Talvez por causa do calor, fui dar praticamente a mesma volta nocturna que fazia com o meu cão. Um pouco como Mr. Glover, do livro da foto. «O Patrick era o cão do Mr. Bouhan. Mr. Bouhan costumava dar-lhe uísque Chivas Regal. Eu passeava o cão e também era o barman do cão. Mr. Bouhan disse que depois de ele morrer me iam pagar dez dólares por semana para tomar conta do Patrick. Escreveu isso no testamento. Eu tinha de o passear e de lhe comprar o uísque. Quando o Patrick morreu, fui ter com o juiz Lawrence. O juiz era o executor testamentário de Mr. Bouhan. Disse-lhe: "Senhor juiz, pode deixar de me pagar os dez dólares agora porque o Patrick morreu." E o juiz Lawrence disse: "O que é que quer dizer com isso de o Patrick ter morrido? Como pode ser? Eu vejo-o ali. Ali mesmo, em cima da carpete." Olhei para trás e não vi cão nenhum. Mas, depois, pensei durante um minuto e disse: "Acho que também o estou a ver, senhor juiz." E o juiz disse: "Óptimo.

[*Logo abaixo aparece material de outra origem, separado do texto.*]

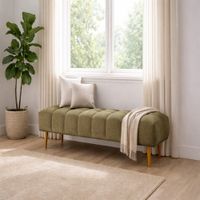 Banqueta Velour Dos Cuerpos Verde Olivo Antifluido y Obsequio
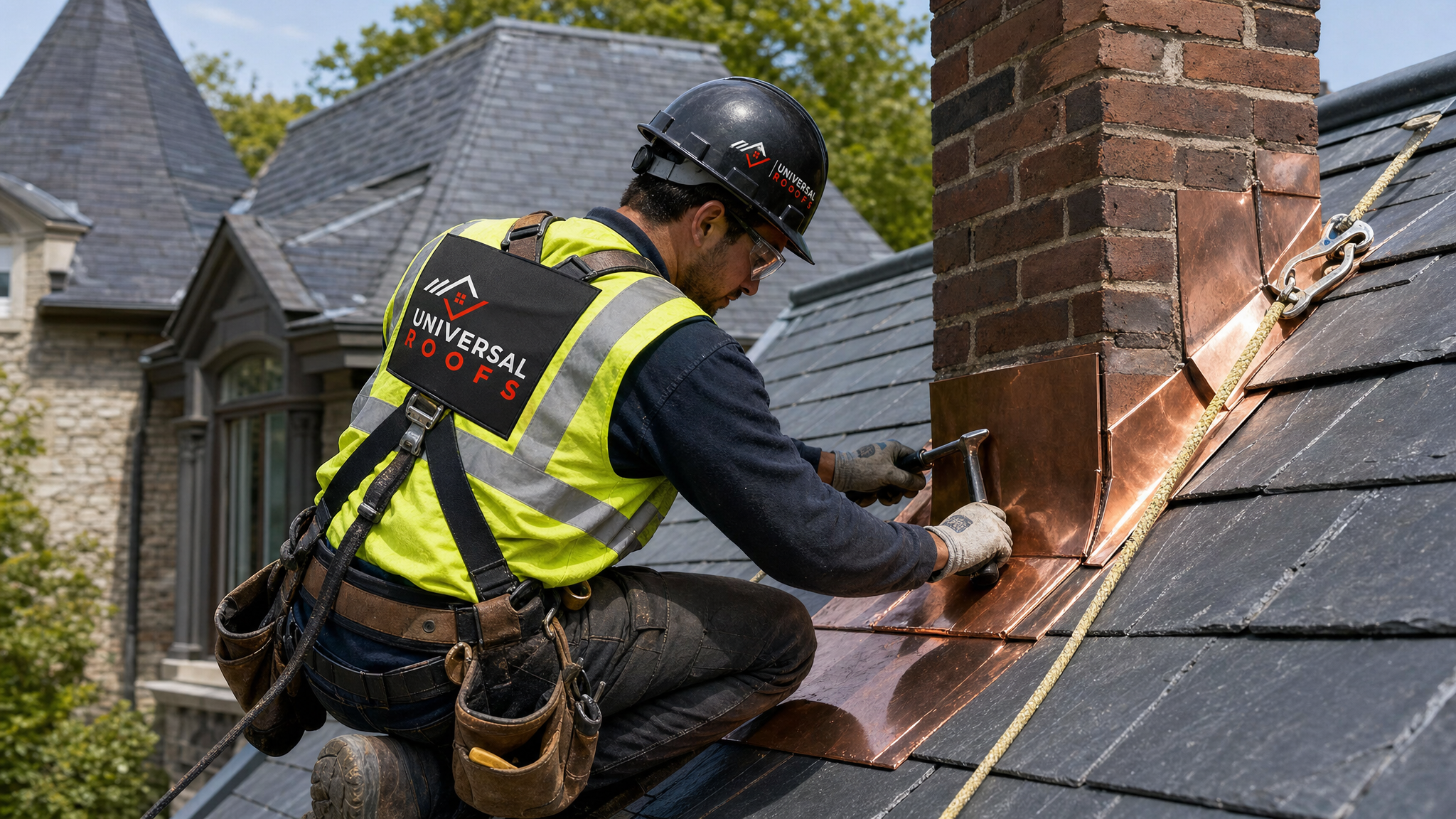 Roofer wearing full safety harness carefully re-flashing a chimney on a historic slate roof in Toronto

Continue a passeá-lo que nós vamos continuar a pagar-lhe." O cão já morreu há vinte anos mas ainda o passeio. Subo e desço a Bull Street, olho por cima do ombro e digo: "Anda lá, Patrick."
4 comentários:
Dez dólares por semana faziam-me jeito, a mim que levo a passear todo o canil de Gaia e dou aos bichos todos os postes, todo o whisky e todos os pneus urináveis da Cidade.
Não é só Mr. Glover que é Mr. Glover.
Sou bem mais real e não fuckson (ficção) e além disso nunca recebi um cêntimo por semana por levar à sagrada excreção nocturna todos os cães imaginários de todos os milionários loucos demasiado tarde sepultados.
Quando escrever mais posts deste genero, ponha-lhes tambem por cima o titulo "Grandeza" que utiliza para os videos de musica.
Ja agora, gostou do alfarrabio de Hamsun? ou anda por ai armado em met'nojo e ainda nao teve tempo ou paciencia para ler?
Um abraco.
Sim, eu sei que é uma referência a um livro mas também é um post sobre a saudade, ou melhor a falta. Porque a saudade ganha-se em encontros sucessivos e dá-nos momentos de alegria; a falta faz-nos crescer um vazio e uma melancolia. Outro cão fazia-lhe bem. Não, não é para substituir. Os vazios não se preenchem. Mas vai encontrar outro espaço para preencher.
Pois é, Ana, quem uma vez teve um cão vai ter que ter um cão sempre.